Hâkimiyetin uygulanması sonucunda, bağlı şirket bakımından açıkça anlaşılır haklı bir sebep olmaksızın, bağlı şirketin birleşme, bölünme, tür değiştirme, menkul kıymet çıkarma ve esas sözleşme değişikliği gibi işlemleri gerçekleştirmesi halinde de çıkma hakkı düzenlenmiştir. TTK m. 202/2 uyarınca, bu işlemlere ilişkin genel kurul kararına ret oyu veren ve muhalefetini tutanağa geçirten, yönetim kurulunun kararlarına yazılı olarak itiraz eden pay sahibi, söz konusu karardan itibaren iki yıl içerisinde, şirketteki hâkim teşebbüsten paylarının en az borsa değeri, gerçek değer veya genel kabul gören bir yönteme göre belirlenecek değer ile satın alınmasını mahkemeden isteyebilir.
SerPK Hükümleri
6362 sayılı Sermaye Piyasası Kanunu[2] (“SerPK”), 2499 sayılı mülga Sermaye Piyasası Kanununda (“Mülga SerPK”) yer alan genel bir yetki maddesine göre Sermaye Piyasası Kurulu (“Kurul”) tebliğlerinde düzenlenen zorunlu pay alım teklifi (zorunlu çağrı) kurumunu yeniden ele alır. Ancak bu düzenlemeye ek olarak SerPK ayrıca halka açık anonim şirketlerde çıkarma, çıkma ve ayrılma haklarını da düzenler. Dolayısıyla SerPK, halka açık anonim şirketlere ve pay sahiplerine, TTK’da düzenlenen ve yukarıda kısaca incelenen imkânlara ek olarak bir takım yeni imkânlar tanır. Aşağıda, SerPK ile yeni düzenlenen çıkarma, çıkma ve ayrılma hakları kısaca ele alınacaktır.
Çıkarma ve Satma Hakkı
SerPK m. 27 uyarınca, gerek pay alım teklifi sonucunda, gerekse birlikte hareket etmek de dâhil olmak üzere başka şekilde, sahip olunan payların, Kurul’un belirleyeceği bir orana veya daha fazlasına ulaşması halinde, bu oranda paya sahip olan kiş
ilerin, azınlıkta kalan pay sahiplerini çıkarma hakkı doğar. Maddenin ifadesinden, TTK’da tanımlanan azınlığın değil, Kurul’un belirlediği oranda veya daha fazla payı haiz pay sahipleri bakımından azınlıkta kalan pay sahiplerini çıkarma hakkı düzenleneceği anlaşılmaktadır. Henüz bu orana ilişkin bir düzenleme bulunmamaktadır.
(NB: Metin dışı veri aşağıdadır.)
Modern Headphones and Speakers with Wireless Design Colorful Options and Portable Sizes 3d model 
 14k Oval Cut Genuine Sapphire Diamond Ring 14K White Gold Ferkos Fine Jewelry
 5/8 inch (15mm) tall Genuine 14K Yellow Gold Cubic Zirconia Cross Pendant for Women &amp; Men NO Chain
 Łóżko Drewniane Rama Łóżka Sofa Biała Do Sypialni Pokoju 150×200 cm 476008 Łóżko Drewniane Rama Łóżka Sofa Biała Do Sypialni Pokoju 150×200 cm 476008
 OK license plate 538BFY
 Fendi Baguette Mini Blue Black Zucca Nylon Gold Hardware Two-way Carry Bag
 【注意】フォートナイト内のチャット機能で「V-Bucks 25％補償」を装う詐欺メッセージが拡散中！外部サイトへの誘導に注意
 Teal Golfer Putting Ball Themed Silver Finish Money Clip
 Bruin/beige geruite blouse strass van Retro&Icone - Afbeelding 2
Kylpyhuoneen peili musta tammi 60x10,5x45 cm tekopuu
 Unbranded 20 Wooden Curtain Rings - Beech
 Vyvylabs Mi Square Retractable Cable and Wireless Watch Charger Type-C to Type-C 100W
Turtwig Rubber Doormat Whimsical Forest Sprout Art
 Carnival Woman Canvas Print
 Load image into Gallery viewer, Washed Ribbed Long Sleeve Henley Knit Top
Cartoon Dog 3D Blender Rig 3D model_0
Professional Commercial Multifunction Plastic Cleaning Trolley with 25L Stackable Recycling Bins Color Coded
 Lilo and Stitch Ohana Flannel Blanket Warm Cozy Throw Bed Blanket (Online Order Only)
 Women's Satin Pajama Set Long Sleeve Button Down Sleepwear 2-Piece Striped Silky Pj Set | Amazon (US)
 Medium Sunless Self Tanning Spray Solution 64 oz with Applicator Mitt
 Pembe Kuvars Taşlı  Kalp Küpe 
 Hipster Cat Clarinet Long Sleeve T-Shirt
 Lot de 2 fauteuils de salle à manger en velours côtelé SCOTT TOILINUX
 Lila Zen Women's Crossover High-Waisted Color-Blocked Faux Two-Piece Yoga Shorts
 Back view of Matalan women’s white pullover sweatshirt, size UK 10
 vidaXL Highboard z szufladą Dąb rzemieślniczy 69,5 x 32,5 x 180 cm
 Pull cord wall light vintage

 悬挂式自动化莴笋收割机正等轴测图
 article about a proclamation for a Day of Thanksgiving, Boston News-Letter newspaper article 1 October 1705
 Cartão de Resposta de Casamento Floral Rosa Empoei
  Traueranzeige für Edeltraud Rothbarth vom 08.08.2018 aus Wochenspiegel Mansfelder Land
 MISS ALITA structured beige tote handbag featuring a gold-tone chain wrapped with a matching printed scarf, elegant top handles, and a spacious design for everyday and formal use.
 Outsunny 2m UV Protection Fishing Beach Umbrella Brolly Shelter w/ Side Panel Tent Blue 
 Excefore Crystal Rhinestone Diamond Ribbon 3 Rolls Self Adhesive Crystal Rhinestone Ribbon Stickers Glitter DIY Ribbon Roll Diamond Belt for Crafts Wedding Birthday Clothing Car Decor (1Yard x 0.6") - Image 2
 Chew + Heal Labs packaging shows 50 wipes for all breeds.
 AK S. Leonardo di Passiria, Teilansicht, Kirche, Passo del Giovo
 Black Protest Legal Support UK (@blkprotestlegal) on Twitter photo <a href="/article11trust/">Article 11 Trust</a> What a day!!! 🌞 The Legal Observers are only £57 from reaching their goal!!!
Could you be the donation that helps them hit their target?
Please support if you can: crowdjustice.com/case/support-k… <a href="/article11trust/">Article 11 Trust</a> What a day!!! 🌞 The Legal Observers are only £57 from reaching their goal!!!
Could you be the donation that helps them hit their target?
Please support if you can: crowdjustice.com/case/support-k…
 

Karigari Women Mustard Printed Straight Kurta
Çıkarma hakkını haiz olan pay sahipleri, Kurul’un belirlediği sürede, halka açık ortaklığın genel kurulundan, azınlıkta kalan pay sahiplerinin paylarının iptal edilmesini ve bu payları temsil eden yeni payların çıkarılarak kendilerine satılmasını talep edebilir. Payın bedeli hakkında SerPK m. 24’e atıf yapılmıştır. Aşağıda incelenen ve ayrılma hakkını düzenleyen bu madde uyarınca, pay bedeli, ilgili genel kurul kararının alınacağı toplantı gündeminde belirtilir. Payları borsada işlem görmeyen ortaklıkların satım fiyatının hesaplanmasına ilişkin usul ve esasları Kurul belirler.
Çıkarma hakkını düzenleyen madde, Kurul’un belirleyeceği orana göre çıkarma hakkının doğduğu hallerde, azınlıkta kalan pay sahibinin de çıkma hakkını haiz olacağını düzenler. Söz konusu hükme göre azınlıkta kalan pay sahipleri, Kurul’un belirlediği süre içerisinde, Kurul’un belirleyeceği oranda veya daha fazla payı haiz pay sahiplerinden paylarını adil bir bedel karşılığında almasını talep edebilir. Dolayısıyla, belirli oranda payı elinde bulunduran pay sahibinin çıkarma hakkı ile azınlıkta kalan pay sahibinin satma hakkı birlikte düzenlenmiştir.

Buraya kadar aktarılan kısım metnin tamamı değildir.